Daubechies has been attacking the problem using a branch of computer science called computational geometry, building algorithms that make it possible to tackle large datasets more quickly and objectively.
She soon realized the same machine learning approach would be useful for other problems. In one project, Daubechies and her then graduate student Hau-tieng Wu proposed a new method to look for patterns in electrocardiograms. The results give doctors a second opinion to help them decide when ICU patients are ready to get off ventilators and breathe on their own.
Next, she hopes to turn computers loose on bird song recordings, using similar techniques to help biologists identify subtle differences between individual birds or species.
Daubechies has a long history of defying disciplinary boundaries. Born in a small coal mining town in Belgium, she got her start in research doing physics, not math.
It was after earning a bachelor’s degree in theoretical physics and then a Ph.D. in quantum mechanics, both from the Free University of Brussels, that she got involved in applications of math beyond physics. She was particularly interested in using a mathematical technique called the Fourier transformation, which breaks down complicated signals that vary in time or space, such as sound waves or images, into simpler building blocks.
After earning her doctorate in 1980, she became one of the world’s leading authorities on wavelet theory, a refinement of the Fourier technique frequently used to shrink digital photos and movies so that they take up fewer kilobytes without noticeably losing detail.
Digital images are composed of millions of tiny colored dots, or pixels, arranged on a grid. Each pixel is a single color or grey value represented by numbers. This is where math comes in.
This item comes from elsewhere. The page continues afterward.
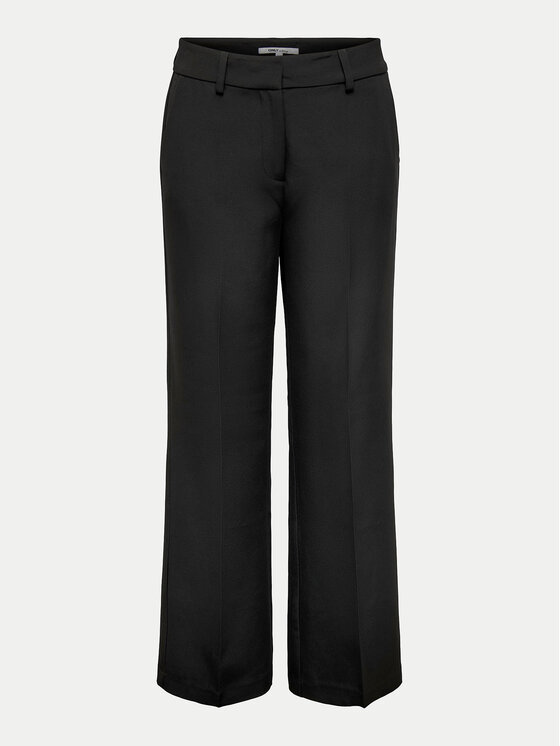 ONLY ONLY Kalhoty z materiálu Kayle 15324532 Černá Straight Fit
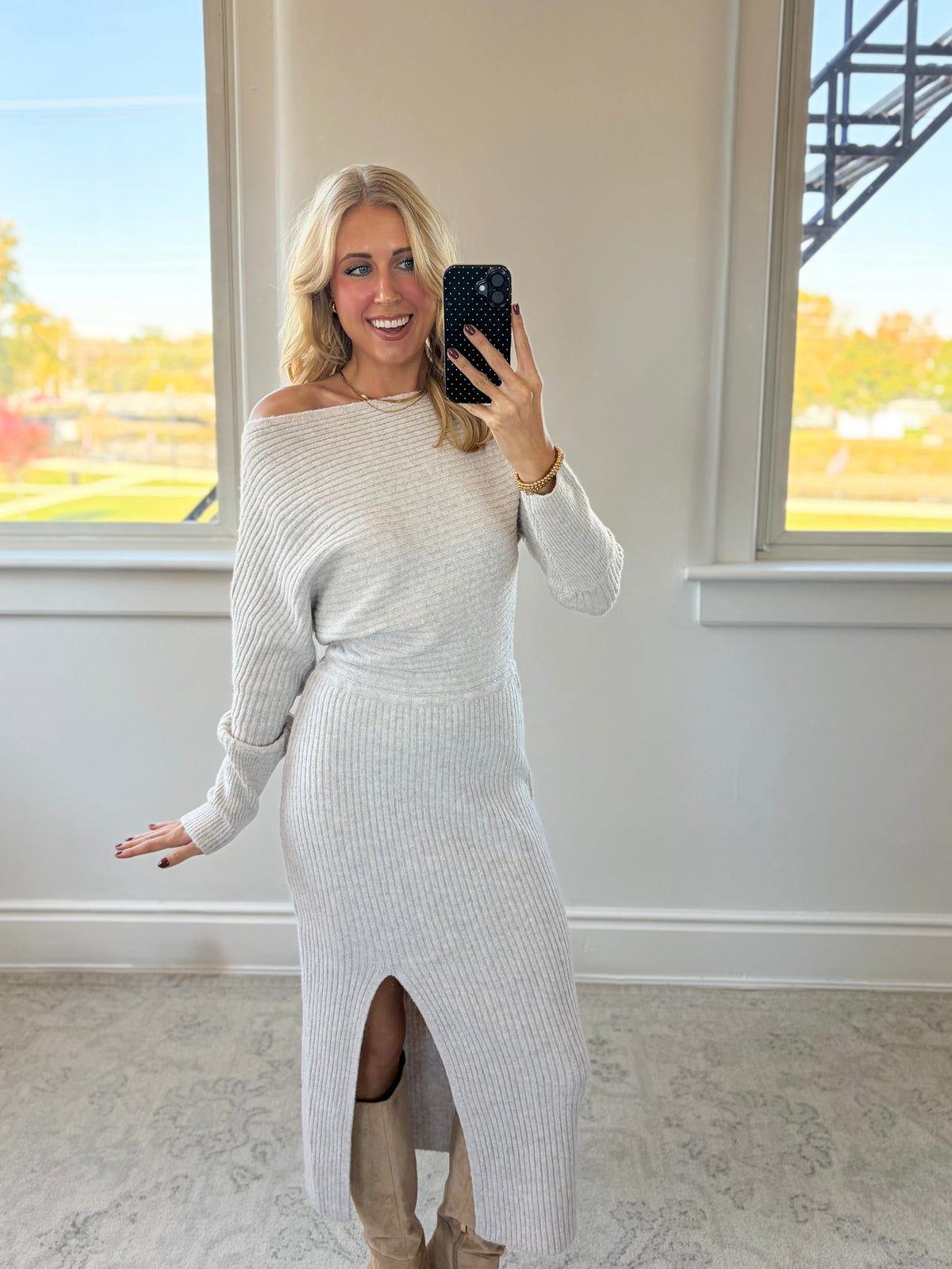 Oatmilk Latte Midi Dress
Compression with Daubechies’ wavelets computes averages and differences for the numbers in each row and column to construct a new grid that is more compact.
In the mid-1990s, her work on wavelets was adopted by the FBI to squeeze down their hundreds of millions of fingerprints to make them easier to transmit and store.
Any time you go to a movie theater, or watch live sports on ESPN, each frame has been compressed using Daubechies’ wavelet-based method -- the latter use she discovered while watching a soccer game on TV with her husband. “It was the artifacts in the grass,” she said.
Daubechies has also used wavelets to help geologists analyze the wiggly lines on seismograms from huge earthquakes and reconstruct what lies below the Earth’s crust, and to help neuroscientists read MRI images of brain activity.
In 2007, researchers affiliated with the Van Gogh and Kröller-Müller Museums in The Netherlands challenged Daubechies and other scholars to use their image processing techniques to analyze more than 100 high-resolution scans of paintings, mostly by Vincent van Gogh.
Using wavelets and machine learning to identify subtle differences in brush strokes, Daubechies and her team were able to distinguish copies or forgeries from true van Goghs.
Thus began an ongoing collaboration between mathematicians, computer scientists, museum curators and art historians. Their algorithms are now being used to compare artists’ styles, pinpoint when something was painted, even mathematically restore artwork that has cracked, faded, or been reduced to rubble by wartime bombing -- all without laying a finger on the actual art.
Daubechies held positions at Bell Laboratories, the University of Michigan, Rutgers University and Princeton University before joining the Duke faculty in 2011.
As a Simons Foundation Math+X Investigator, she will receive $300,000 per year, with the possibility of a five-year renewal, to expand her collaborative research between math and electrical engineering. The Simons Foundation considered nominations from across the United States and Canada for this award.